The girl gets a job at a university and she and the husband move to Southern California.  The girl’s mother-in-law starts studying Bible in Los Angeles, or as she calls it, Torah. The girl goes with her to an orthodox shul (like German for school) to study with an orthodox rabbi.  The girl and the mother in law have to wear dresses (just like the old days). The class is all women and they all sit quietly, while the rabbi, who wears all black, declaims about people who sound vaguely familiar to the girl.
This all looks like the private school – only Jewish.
“Yaakov steals the blessing from Esav,” the rabbi says.
The girl thinks, “I know this story. But the names…are…strange.”
The rabbi continues talking while the women sit.
That’s when the girl gets it: The biblical names have been translated. Anglicized.
The girl will always remember that names have a history and a language.
But no one talks in class.
Except for the mother-in-law.
“Just a second, Rabbi,” interrupts the mother-in-law. “I mean—this Yaakov—he’s TERRIBLE. What the heck is he doing stealing his brother’s blessing?”
The rabbi stutters. He does not have an answer.

#7: choosing first person

The girl converts to Judaism because: there is always a lot of great food to eat in the mother-in-law’s house; the girl wants to resolidify her commitment to her husband; the girl’s seven-year-old daughter fights with another girl at her school who says that the daughter isn’t Jewish because the mother isn’t; the girl feels bad about the Holocaust; you can and are actually supposed to wear comfortable clothes on Passover (pants); the girl feels admiration for the mother-in-law, and the girl feels the need, the wish, to write like Gertrude Stein, and Marge Piercy, and Gertrud Kolmar, and Rahel Varnhagen, and Dorothea Schlegel (nee Mendelsohn), and Helene Cixous, and Anne Frank, and Aimee Bender, and—yes—Wendy Wasserstein.

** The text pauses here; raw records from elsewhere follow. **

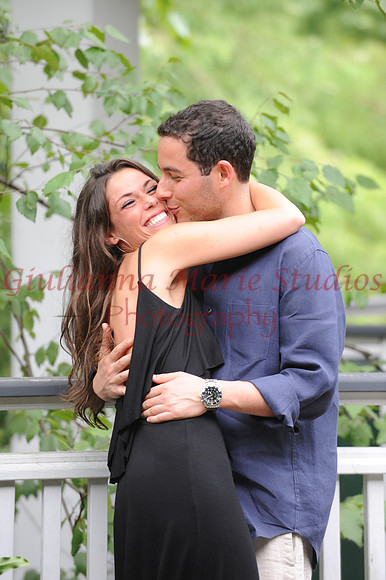 167 Jamie & Josh-GMStudios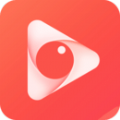尤物视频安卓免费观看版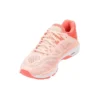 GT-2000 7 “Baked Pink”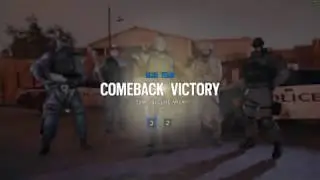 Back At It Again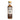 Still Spirits Profile Range  Cereal Notes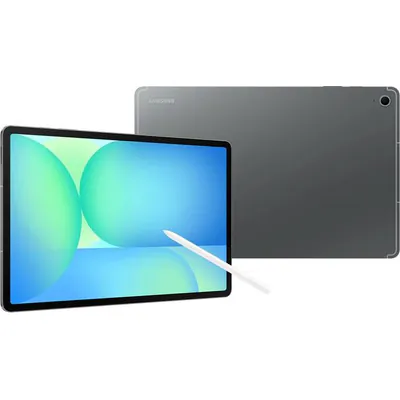 Samsung Galaxy Tab S10 FE reconditionné - meilleur prix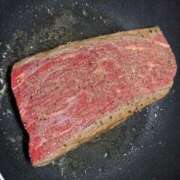 ヒメ日記 2025/04/27 01:25 投稿 朝霧-Asagiri- マニア東京　Mフェチ・アブノーマル専門店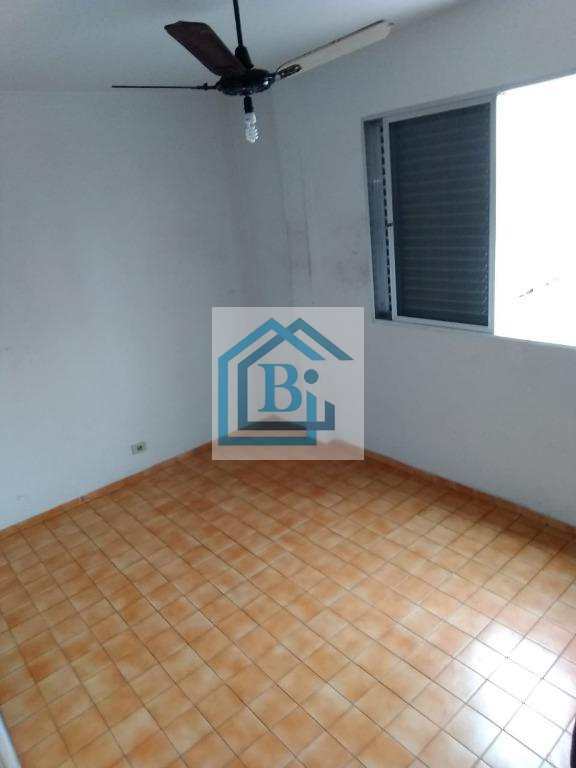 Apartamento à venda com 2 quartos, 57m² - Foto 4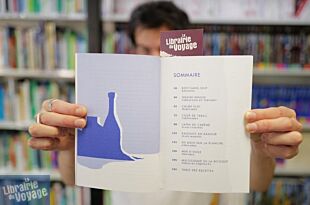 Editions de l'Epure - Cuisine - De rades en comptoirs 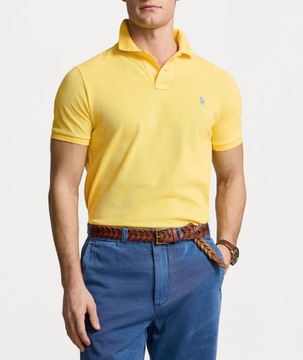 Koszulka Polo Ralph Lauren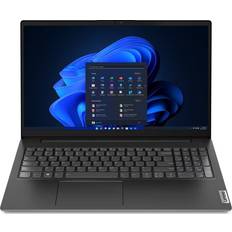 Lenovo V15 G4 IRU 83A1009LPB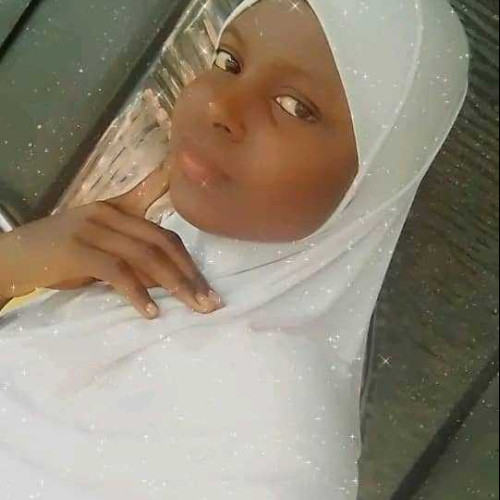 Damilola M. profile photo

Jewish Women Writers = the closest truth.

The girl who wrote the poem converts in order to give birth to the “I.” This “I” writes, acts, and speaks in solidarity with tough broads stretching back from Barbara Boxer to Emma Goldman all the way to Devorah—the only named female tribal chief of the Ancient Hebrews.
The girl walks over to the rabbi, but when he hands her the Torah, it is I who reaches over to take it.
I write and publish a poem called “Torah Bones” that describes this moment: embracing the scroll in no way resembles holding the codex; the huge bundle of biblical writing feels like a baby, not like a book.
I choose Devorah (Deborah) as my Hebrew name. Said to have been a precursor to Joan of Arc, Devorah may have ridden—according to certain sources—into battle wearing a breastplate and carrying a sword.
The name is also connected to the Hebrew “Dabar”—which means “speech or word.”

#7: So now what?

My orthodox sister-in-law is present at this ceremony of conversion.
We—my husband, my daughter, my mother-in-law, father-in-law, and my sister-in-law—go out for lunch afterwards in Los Angeles. Kosher restaurant. Run by Steven Spielberg’s mother.

#8 I love her, but…

I love my sister-in-law. Despite. Orthodoxy.
She can’t show her hair in public. She can’t eat a cheeseburger or eat in most restaurants. She can’t go up on the bima (temple stage). She can’t sing in front of men. And the girls can’t be rabbis. And can’t form a minyan—the core group of ten needed to conduct a religious service. And don’t often apply to the good colleges they have every right to get into and attend. And can’t even think about being gay. Or having kids that are.
The can nots =  hard for me.  They remind me of my parents, and of the school I went to and of the East Side, and of everything I’ve sought to escape from.

#9: A Failure

The memory that breaches the love affair with Jewishness = this.
It is now either 1997 or 1998, and we are driving on the Jericho Bypass. Jericho, State of Israel (although it’s actually in Palestine), not Jericho, State of California.
The road leads to the Galilee. Which is where my sister-in-law is taking my husband, our daughter, and me. Driving in a rented car with Israeli plates.
The sister-in-law sits in the front seat next to the husband who is driving.
She says, “Be careful of the turns, because if we end up in the wrong section—well, if the Arabs see the Israeli plates, they get angry and they stone you.”
“Why?” says the daughter. She is nine or ten.
We take a wrong turn.
Into a town called Nablus.  There’s not much there.
We see two lines of girls in blue headscarves and pants. Walking on the side of the road.
“DRIVE,” yells the sister-in-law.
Do I say the following or does the daughter?
“But these girls look like us?”

“Us” = “you” = the orthodox sister-in-law = orthodox religious girls who cover their hair, arms, and legs.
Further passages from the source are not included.